Chegaram à livraria combinada. Disfarçadamente olharam ao redor. Certificaram-se da ausência de outras pessoas na rua e entraram no corredor lateral da loja. Era um corredor comprido e escuro. No final, uma porta de madeira dava acesso à sala central.
Com um canivete e um cartão de plástico, ele tentava forçar a fechadura, enquanto ela observava a rua. Alguns minutos depois, ele conseguiu abrir a porta e rapidamente os dois entraram na livraria. Ficaram parados, ofegantes, alguns segundos, até que a respiração voltou ao normal. A luz da sala estava desligada, mas a iluminação que vinha da rua era suficiente para não tropeçarem. Aos poucos, seus olhos acostumaram-se à semi-escuridão e eles já se deslocavam com facilidade.
Ao lado da entrada, junto a uma das estantes, ela se deteve. Ele caminhou mais um pouco, indo até a estante do fundo da sala. Parou, embevecido, e passou a mão por alguns livros da prateleira mais alta. Seus dedos corriam delicadamente pelos volumes, como temendo feri-los. Parou, finalmente, num deles e somente com o indicador e o polegar retirou, com vagar e prazer, Schopenhauer da estante.
Enquanto ele alisava a capa do exemplar, ela já havia retirado cinco livros do lugar. Graciliano Ramos, Guimarães Rosa e Machado de Assis jaziam sobre uma mesa ao lado da estante. Estava cada vez mais nervosa. Sabia que não poderia levá-los todos, mas não conseguia decidir. De súbito, largou a seção de literatura brasileira e se dirigiu à estante vizinha. Correu os olhos durante alguns segundos e, na ponta dos pés, alcançou José Saramago na penúltima prateleira. Sorriu para a Jangada de Pedra.
Ficaram mais algum tempo passeando pela loja. Resolveram sair cada um com dois livros. Ele, carregando Schopenhauer e o Anjo Pornográfico, biografia de Nelson Rodrigues. Ela levava José Saramago e o Amor Natural, do Drummond. Odiava Nelson Rodrigues.
De novo na rua, caminharam em direção à avenida central da cidade. Chegaram à praça sem problemas. Sentaram-se num banco de cimento e começaram a rir da empreitada. Ele se gabava de ter previsto a falta de segurança da livraria. “Quem iria querer roubar livros?” – costumava dizer. Ela lamentava não poder trazer mais volumes. Levantaram-se e caminharam pela avenida até os trilhos do trem. Ali se despediram e cada qual foi para sua casa.
Depois do sucesso da investida, outras se seguiram. Adquiriram habilidade para abrir portas e assaltaram mais três livrarias. Na quarta, saíram carregando cinco livros cada um. Já não se preocupavam com polícia ou coisa parecida, tal a facilidade dos furtos. Entraram até num sebo, onde ela conseguiu um exemplar antiqüíssimo de Os Sermões, de Vieira, e ele, uma das poucas traduções de Heidegger para o português.

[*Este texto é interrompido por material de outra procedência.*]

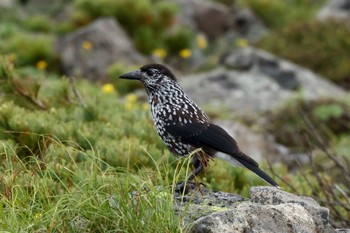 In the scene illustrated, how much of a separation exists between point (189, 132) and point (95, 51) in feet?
27.8

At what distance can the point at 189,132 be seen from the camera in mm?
6012

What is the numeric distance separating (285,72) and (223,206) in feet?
28.9

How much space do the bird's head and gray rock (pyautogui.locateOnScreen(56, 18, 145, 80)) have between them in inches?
285

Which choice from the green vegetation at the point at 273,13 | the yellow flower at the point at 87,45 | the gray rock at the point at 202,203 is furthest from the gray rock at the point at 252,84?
the gray rock at the point at 202,203

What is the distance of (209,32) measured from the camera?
18.5m

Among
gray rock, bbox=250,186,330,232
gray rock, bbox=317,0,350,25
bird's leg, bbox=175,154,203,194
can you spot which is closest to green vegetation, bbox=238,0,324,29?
gray rock, bbox=317,0,350,25

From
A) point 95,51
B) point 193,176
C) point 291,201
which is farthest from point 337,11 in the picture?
point 291,201

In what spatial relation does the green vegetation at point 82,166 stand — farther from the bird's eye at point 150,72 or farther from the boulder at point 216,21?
the boulder at point 216,21

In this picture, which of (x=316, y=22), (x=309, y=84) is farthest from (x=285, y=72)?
(x=316, y=22)

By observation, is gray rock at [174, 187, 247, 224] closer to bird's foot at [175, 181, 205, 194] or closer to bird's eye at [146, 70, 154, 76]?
bird's foot at [175, 181, 205, 194]

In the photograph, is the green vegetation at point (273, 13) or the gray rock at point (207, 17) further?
the green vegetation at point (273, 13)

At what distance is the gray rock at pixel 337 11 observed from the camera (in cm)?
1664

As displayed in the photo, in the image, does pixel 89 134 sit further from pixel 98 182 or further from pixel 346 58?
pixel 346 58

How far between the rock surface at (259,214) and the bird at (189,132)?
72 centimetres
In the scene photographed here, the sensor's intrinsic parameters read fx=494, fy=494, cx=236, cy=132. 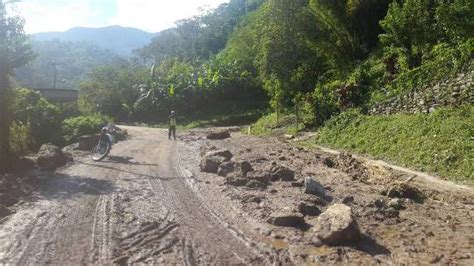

Certo dia, porém, um dos jornais da cidade publicou uma nota sobre o estranho caso das livrarias. Como os dois não liam jornais locais, não tomaram conhecimento do fato. A matéria dizia que a polícia começaria a vigiar as lojas de livros.
Desavisados, fizeram mais um furto e despreocupadamente foram beber cerveja numa lanchonete próxima à praça central. A polícia os encontrou folheando Pascal e Zola. Foram pegos em flagrante.
Na delegacia, um policial encaminhou os dois para interrogatório. O delegado parecia se divertir com a situação. Dirigia-se aos dois com sorrisos irônicos. A moça exigiu advogado e cela especial. Tinha curso superior.
— E a mocinha é formada em quê? — perguntou o delegado.
— Letras.
— Que bonitinho! O garotão, aí, também é formado?
— Não, eu ainda estudo. Filosofia.
— Olha, só, galera! — dirigindo-se aos policiais — o boneco faz Filosofia. Que gracinha!
As risadas soaram por toda a sala do delegado.
— Rapazinho delicado!
— Não tem curso de macho na faculdade?
— Vai fazer “adevogacia”, rapaz!
O delegado, ainda rindo, ordenou que o levassem dali:
— Leva o florzinha pra cela do fundo, junto com os dois grandões, que eu vou ver a situação da donzela aqui.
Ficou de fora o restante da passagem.